数カ月前まで、帰宅部は戻郎のみであったのだが、全国帰宅部の雨の日の祭典「やまない雨選手権」で戻郎の活躍を見た数人の生徒が何を思ったか、帰宅部への入部を希望したのである。
彼女はその時に帰宅を入部したうちの一人であった。
「先輩でも流石に文化祭の誘惑には勝てなかった様ですね。」
還が後ろに束ねた髪を振りながら冷やかしの言葉をかけると、戻郎はむすっとした表情で返した。
「違う。学校生活の悪化は帰宅生活の悪化に繋がるからな、仕方が無くだ。」
そう言った戻郎を還はクツクツ笑った。
「またまたー。」
戻郎は今度はまともに還の煽りに取り合わず、指をピンと一本立てて説明しだした。
「それに、こういった晴れた夜に向いている帰宅コースがあるんだ。

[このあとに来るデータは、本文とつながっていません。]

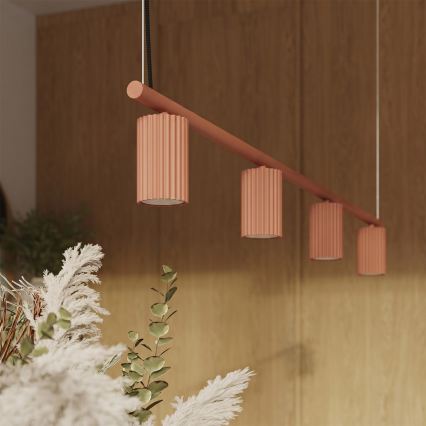 Luster na sajli KARBON 4xGU10/10W/230V narančaste boje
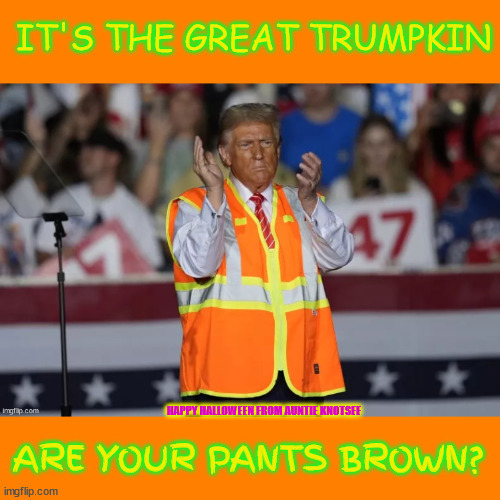 It's The Great Trumpkin | IT'S THE GREAT TRUMPKIN; HAPPY HALLOWEEN FROM AUNTIE KNOTSEE; ARE YOUR PANTS BROWN? | image tagged in it's the great trumpkin,brown pants trump,trumpkinhead,his candel went out,in 2 weeks,maga monster | made w/ Imgflip meme maker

」
その言葉を聞いた還は興味深そうに目を輝かせながら戻郎に問いかけた。
「本当ですか!?私にも紹介してください!」
よし来たとでもいう様に戻郎は頷き、そして還に再び問いかけた。
「ところで、お前の家の方向ってどっちだっけ?」
――数分後、2人はある林の中の道を進んでいた。
林の中は月の光も中々入りにくい為に、還は少し不安になっていた。
一方で、戻郎は林の中にある道をずんずん進んでいく。
不幸中の幸いか、林の中の道は雑草がちゃんと処理されており、
還の脚に雑草が触れたりする事は無かった。
「先輩…。本当にこの先に何かあるんですか?」
そう怪訝そうな顔で言う還に戻郎は返す。
「暗くてすまんな。もうちょっとで着くから、少し辛抱してくれ。」
そして2人が進んでいくと、目の前に開けた場所が現れたのである。
「ふー…。やっと明るい所に出れたー。」
そう安心して、手に膝をついた還に戻郎が話しかける。
「返田。上見てみろ。」
「え?」
還が真上を向くと、そこには夜の暗闇を一面照らし出さんばかりの星々が満ち満ちていた。

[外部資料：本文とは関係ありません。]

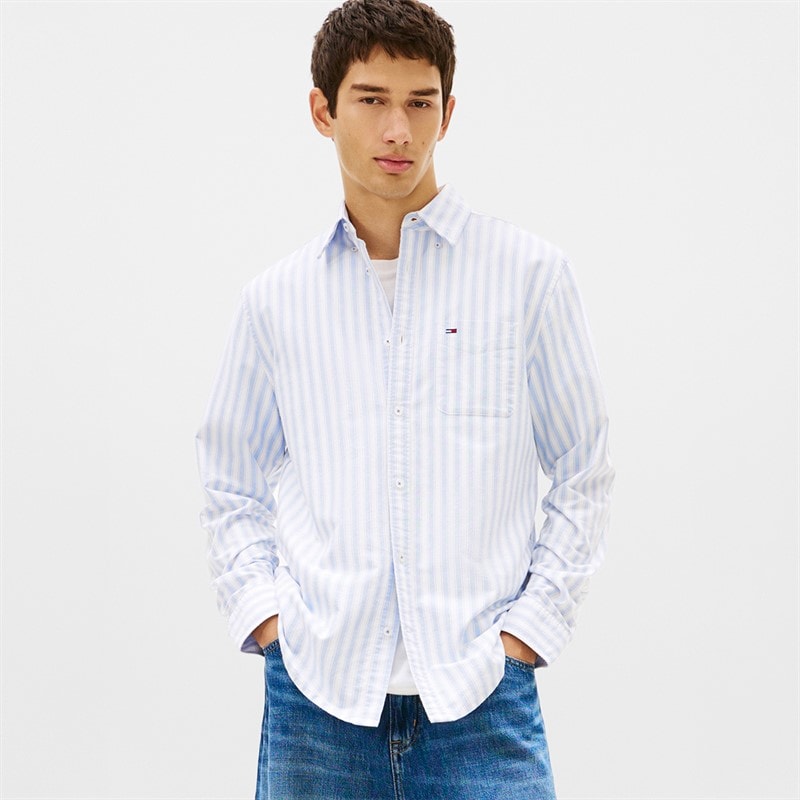 Tommy Jeans Herren Streifen Oxford Langarmhemd Blue Twilight Stripe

その様子は「星降る夜」という表現がまさしく適していると言える程であった。
「すっごい…。」
還はその星々の光に恍惚として、じっくり眺めた。
戻郎も共に空を見上げ、還に語りかける。
「ここまでハッキリ見える場所となると、周りに光が無い場所に限定されるからな。
だからこういう所に来たんだ。大変だったろ。すまんな。」
「本当ですよ!ローファーとか土だらけですし、取るの面倒ですよ!でも、まあ…。」
還は少し文句を言った後に、また星空を見上げ、小さく呟いた。
「本当に…。綺麗ですね…。」
2人はその後、何も言わずに共に星を眺め続けた。
――森の反対側を抜け、しばらく歩くと、還は見覚えのある道に着いた事に気がついた。
「あ、ここに着くんだ。」
還はそう言って、また少し歩いた後に今度は戻郎を追い抜いて、振り返って言った。
「先輩、私の家、かなり近いんでここで大丈夫ですよ。」
「お、そうか、じゃあ、また今度な。」
そう言って去ろうとした戻郎に還はある事に気がついて、急遽呼び止めた。
「先輩!もしかして、先輩の家って、こっちの方角じゃないんですか?」
その言葉に戻郎は降り返って答える。
「まあ、そうだな。」
「なんで遠回りしたんですか?」
呆然とした様子の還に戻郎は何げなく返す。
「まあ、夜道に女子一人は危ないしな。それに…。」
戻郎は微笑みながら少し気恥ずかしそうに還に言葉をかける。
「お前と星を見るのも楽しいかなと思っただけだよ。」
その言葉に一瞬、還は目を丸くしたが、直後に噴き出して言葉を返した。
「先輩、そういった所がウカツですよ。」
その言葉の意図を汲もうと戻郎はしようとしたが、すぐさま、還がそれを邪魔するかの様に言葉を差し込んできた。
「じゃ、先輩、また明日。文化祭楽しみましょうね~。」
そう言って、そそくさと去って行った還の後姿を見送り、戻郎も月照らす帰路に着いた。